Se trata una ampliación de la ley 646 de 1982 que incluyó por primera vez en el código penal italiano el delito de asociación criminal de tipo mafioso y la confiscación de sus bienes, y que es conocida como "ley Rognoni-La Torre" por sus promotores; el segundo, Pio La Torre, asesinado ese año por la Cosa Nostra siciliana.

Según Fontana, el proceso es el siguiente: "Primero se hace el procedimiento de embargo. Después, un primer procedimiento de confiscación, y luego otro de segundo grado, como en un procedimiento normal, y por último, la confiscación definitiva.
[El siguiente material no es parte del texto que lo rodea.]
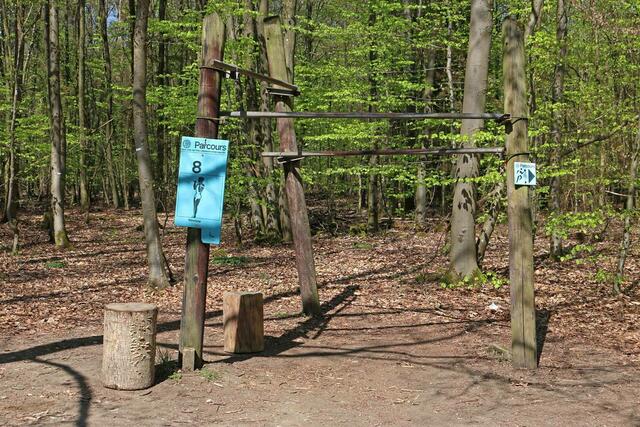 Die frühere Station 8 im Jahr 2018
El proceso, que ha sido acelerado, puede durar aún así 3 o 4 años".

En el caso de los inmuebles, el tribunal correspondiente nombra a un administrador judicial que se hace responsable de ellos hasta el embargo o confiscación definitiva, cuando se destinan o a usos sociales a través de ayuntamientos o asociaciones, o se cede al Estado italiano.

Diferente es, en cambio, el devenir de las empresas, que pueden ser vendidas a privados, asignadas a una cooperativa de trabajadores o, como ocurre con frecuencia, liquidadas por ser falsas o insostenibles.

Las tres regiones italianas donde más bienes se embargan son, en arreglo a los datos de Libera, aquellas donde las mafias ejercen su poder sobre el terreno, en sus zonas históricas de influencia; esto es, Sicilia (Cosa Nostra), Campania (Camorra) y Calabria (Ndrangheta), en ese orden.

No obstante, "la cuarta región no es Apulia - sede de la Sacra Corona Unita - sino Lombardía", aseveró Fontana, porque "se confisca siempre más en las zonas centro y norte, por ejemplo, en Milán y Roma; de hecho, Lombardía escala en la clasificación en cuanto a las empresas confiscadas porque la mafia va donde está la riqueza".

La presencia de afiliados a la 'Ndrangheta en esa región y su aumento de poder en la última década, en palabras de Fontana, "aprovechándose de los golpes sufridos por la Cosa Nostra", sitúan a esa organización criminal como "la más fuerte y peligrosa".

Una de sus formas de blanquear dinero es arrendar un local comercial en una gran ciudad, como un restaurante, hotel o bar: "Son muy listos; dejan como propietario al que estaba antes pero evitar ser descubiertos. Si no venden no es un problema. No tienen intereses comerciales. Emiten facturas y tickets falsos", explicó Fontana.